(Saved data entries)
+++

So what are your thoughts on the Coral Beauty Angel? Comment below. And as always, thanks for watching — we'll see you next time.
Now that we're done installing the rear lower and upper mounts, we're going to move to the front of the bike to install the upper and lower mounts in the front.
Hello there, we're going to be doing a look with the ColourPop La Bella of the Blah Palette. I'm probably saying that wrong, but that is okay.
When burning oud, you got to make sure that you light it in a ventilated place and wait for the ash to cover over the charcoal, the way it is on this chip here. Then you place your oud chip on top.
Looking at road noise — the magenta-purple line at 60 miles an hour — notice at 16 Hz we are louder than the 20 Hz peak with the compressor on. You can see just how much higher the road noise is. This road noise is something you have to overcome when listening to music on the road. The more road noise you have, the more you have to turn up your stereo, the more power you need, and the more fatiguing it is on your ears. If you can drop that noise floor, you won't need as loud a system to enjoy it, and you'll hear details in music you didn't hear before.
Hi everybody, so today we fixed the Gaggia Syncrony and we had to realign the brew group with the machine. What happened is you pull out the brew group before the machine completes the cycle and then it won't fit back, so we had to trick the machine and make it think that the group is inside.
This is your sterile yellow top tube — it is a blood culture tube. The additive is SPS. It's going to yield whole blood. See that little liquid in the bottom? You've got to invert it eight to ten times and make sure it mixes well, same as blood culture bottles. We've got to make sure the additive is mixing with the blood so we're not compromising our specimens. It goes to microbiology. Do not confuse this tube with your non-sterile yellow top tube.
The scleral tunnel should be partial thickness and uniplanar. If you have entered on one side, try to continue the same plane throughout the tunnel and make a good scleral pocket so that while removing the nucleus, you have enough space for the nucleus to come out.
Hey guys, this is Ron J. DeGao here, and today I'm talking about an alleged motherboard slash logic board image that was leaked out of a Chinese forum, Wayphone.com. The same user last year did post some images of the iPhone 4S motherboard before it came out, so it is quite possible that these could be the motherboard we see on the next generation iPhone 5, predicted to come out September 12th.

+++

§ EXERCISE BRIEF
Please print verbatim each line from the first line of the entries above to the line that contains "Hello there, we're", inclusive, and nothing more.

§ OUTPUT BELOW
So what are your thoughts on the Coral Beauty Angel? Comment below. And as always, thanks for watching — we'll see you next time.
Now that we're done installing the rear lower and upper mounts, we're going to move to the front of the bike to install the upper and lower mounts in the front.
Hello there, we're going to be doing a look with the ColourPop La Bella of the Blah Palette. I'm probably saying that wrong, but that is okay.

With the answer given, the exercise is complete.